29 juin 2022 : Lancement de l’initiative populaire fédérale «Oui à l’interdiction d’importer des produits en fourrure provenant d’animaux ayant subi de mauvais traitements (initiative fourrure)».
Avril 2023 : Le Conseil fédéral charge le DFI d’élaborer un projet de consultation visant à interdire l’importation des fourrures et des produits de la pelleterie provenant d’animaux ayant subi de mauvais traitements et de réaliser à une analyse d’impact de la réglementation.
28 décembre 2023 : Dépôt à la Chancellerie fédérale de l’initiative fourrure munie de 116’140 signatures sur les 100’000 nécessaires.
20 février 2024 : La Chancellerie fédérale confirme l’aboutissement de l’initiative fourrure avec 113 474 signatures valables. Conformément à l’article 97 de la loi sur le Parlement, le Conseil fédéral dispose d’un délai maximal de 12 à 18 mois pour transmettre à l’Assemblée fédérale sa position sous forme d’arrêté.

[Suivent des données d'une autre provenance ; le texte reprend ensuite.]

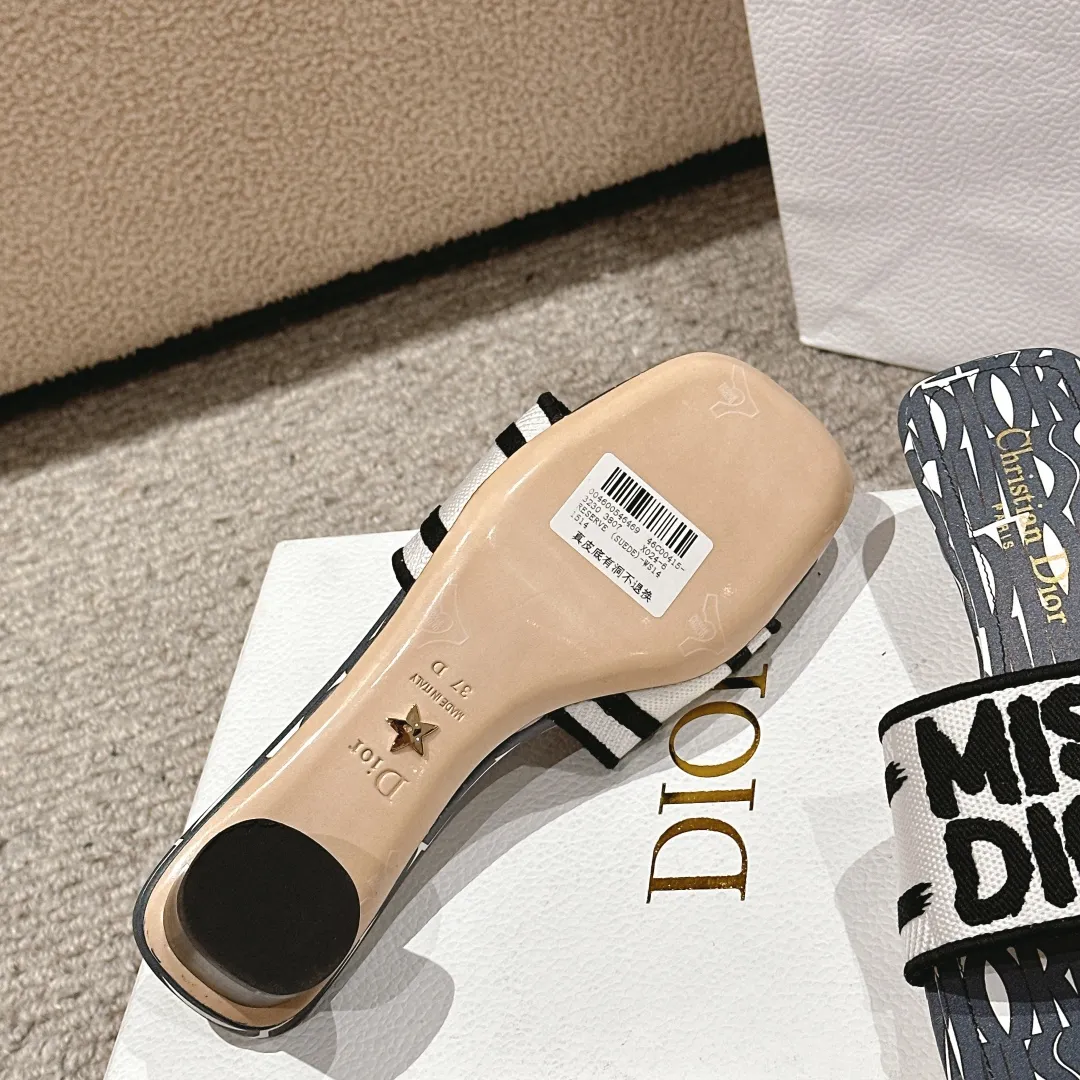 クリスチャンディオールグレースリッパ2024新作 - 画像 (10)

10 avril 2024 : Le Conseil fédéral annonce rejeter l’initiative fourrure. Reconnaissant malgré tout que les objectifs de l’initiative sont «compréhensibles», il prévoit de lui opposer un contre-projet indirect par une modification de la loi sur la protection des animaux, qui serait présentée au Parlement d’ici l’été 2025. Afin qu’une interdiction d’importer des fourrures puisse entrer en vigueur rapidement, il compte modifier plusieurs ordonnances et ouvre une procédure de consultation jusqu’au 12 juillet 2024.
12 juillet 2024 : Envoi de notre prise de position concernant la procédure de consultation visant l’interdiction d’importation des fourrures.
21 août 2024 : Mise en consultation par le Conseil fédéral du contre-projet indirect à l’initiative fourrure.